In this study, experimental investigations of solid-liquid phase diagram of binary and ternary mixtures formed by the C11H24, C12H26 and C14H30 were carried out to employ the potential phase change materials (PCMs) for cryogenic applications using the differential scanning calorimetry (DSC). In addition, the thermodynamic equilibrium was modeled employing the ideal model, and the Wilson and NRTL model were applied to correlate the liquidus line. The results show that the C11-C12 system exhibits a peritectic transition and the composition of possibly peritectic point is 60wt% C12 with the temperature of 251.65 K. The compositions of the eutectic points appear at 10wt% C14 for C11-C14 system and 18wt% C14 for C12-C14 system with eutectic temperatures of 246.85 K and 260.45 K, respectively. The C11-C12-C14 ternary system presents two possibly eutectic points at compositions of 67wt% C11/5wt% C12 and 86wt% C11/10wt% C12 with eutectic temperatures of 246.45 K and 248.05 K, and has the slight supercooling (1.7 ˚C and 0.5 ˚C), indicating miscibility in liquid phase and immiscibility in solid phase. Moreover, the liquidus lines calculated by the theoretical models are in good agreement with the experimental results. The best predicted results of the ternary mixture and C11-C12 binary subsystem are obtained by the ideal model, with deviations of 0.75% and 0.58% respectively.

Introduction

Phase change materials (PCMs) have been widely used in cryogenic energy storage (CES) systems due to their ability to absorb and release a large amount of latent heat during the phase change process (Eanest Jebasingh and Valan Arasu, 2020; Jebasingh and Arasu, 2020; Li et al., 2020; Zhao et al., 2020).
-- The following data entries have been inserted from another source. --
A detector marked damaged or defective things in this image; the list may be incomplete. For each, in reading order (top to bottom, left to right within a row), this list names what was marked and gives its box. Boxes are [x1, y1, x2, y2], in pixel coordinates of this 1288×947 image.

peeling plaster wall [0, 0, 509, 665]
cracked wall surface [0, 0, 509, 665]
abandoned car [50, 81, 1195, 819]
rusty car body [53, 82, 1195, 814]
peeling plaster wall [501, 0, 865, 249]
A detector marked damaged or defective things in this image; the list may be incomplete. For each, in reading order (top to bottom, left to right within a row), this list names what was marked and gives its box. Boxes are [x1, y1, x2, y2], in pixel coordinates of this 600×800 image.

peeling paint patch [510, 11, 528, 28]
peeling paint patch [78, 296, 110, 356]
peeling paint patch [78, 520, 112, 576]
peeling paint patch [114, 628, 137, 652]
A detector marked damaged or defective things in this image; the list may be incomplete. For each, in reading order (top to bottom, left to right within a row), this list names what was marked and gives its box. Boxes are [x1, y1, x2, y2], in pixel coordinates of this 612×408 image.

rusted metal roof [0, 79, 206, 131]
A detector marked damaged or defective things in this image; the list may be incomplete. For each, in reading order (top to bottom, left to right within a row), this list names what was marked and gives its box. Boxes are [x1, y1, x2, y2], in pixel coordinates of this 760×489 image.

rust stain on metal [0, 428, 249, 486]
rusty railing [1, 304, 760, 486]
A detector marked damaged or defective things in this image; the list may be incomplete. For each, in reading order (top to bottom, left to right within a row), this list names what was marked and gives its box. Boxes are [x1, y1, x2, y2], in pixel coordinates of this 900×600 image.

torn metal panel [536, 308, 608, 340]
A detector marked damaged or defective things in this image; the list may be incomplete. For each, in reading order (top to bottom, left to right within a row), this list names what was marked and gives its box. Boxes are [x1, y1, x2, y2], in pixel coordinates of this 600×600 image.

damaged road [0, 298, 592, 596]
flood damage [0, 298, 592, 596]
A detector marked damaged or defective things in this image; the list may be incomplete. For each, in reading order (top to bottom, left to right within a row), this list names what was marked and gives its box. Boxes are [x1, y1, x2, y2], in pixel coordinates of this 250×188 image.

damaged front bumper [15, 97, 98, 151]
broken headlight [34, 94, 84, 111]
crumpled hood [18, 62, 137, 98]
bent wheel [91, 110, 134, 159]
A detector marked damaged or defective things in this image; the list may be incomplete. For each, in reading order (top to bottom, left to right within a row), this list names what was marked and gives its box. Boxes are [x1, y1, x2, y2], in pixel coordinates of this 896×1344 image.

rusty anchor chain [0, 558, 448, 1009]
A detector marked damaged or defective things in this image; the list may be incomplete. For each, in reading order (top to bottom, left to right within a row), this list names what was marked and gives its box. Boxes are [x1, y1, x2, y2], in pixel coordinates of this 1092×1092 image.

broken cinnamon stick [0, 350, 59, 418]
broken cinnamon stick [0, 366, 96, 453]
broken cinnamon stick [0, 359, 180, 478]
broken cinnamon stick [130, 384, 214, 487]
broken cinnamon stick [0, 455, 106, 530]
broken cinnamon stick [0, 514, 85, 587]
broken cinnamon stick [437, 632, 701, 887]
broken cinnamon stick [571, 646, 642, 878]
They can accumulate available cold energy or excess cold energy that cannot be used in a timely manner and release cold energy at a constant temperature when needed. The development of CES system is accompanied by the exploration of the characteristics of PCMs. PCMs can be divided into organic and inorganic categories according to the material properties (Zhao et al., 2020). In general, organic PCMs are mainly used for low and intermediate temperature application. For organic materials, alkanes have been extensively concerned for CES systems. However, the melting temperature and enthalpy of pure alkanes are fixed, which limit the application of this specific kind of PCMs. Because the temperature range of multinary Cn can be greatly expanded and enriched, it has been widely studied (Shen et al., 2019a).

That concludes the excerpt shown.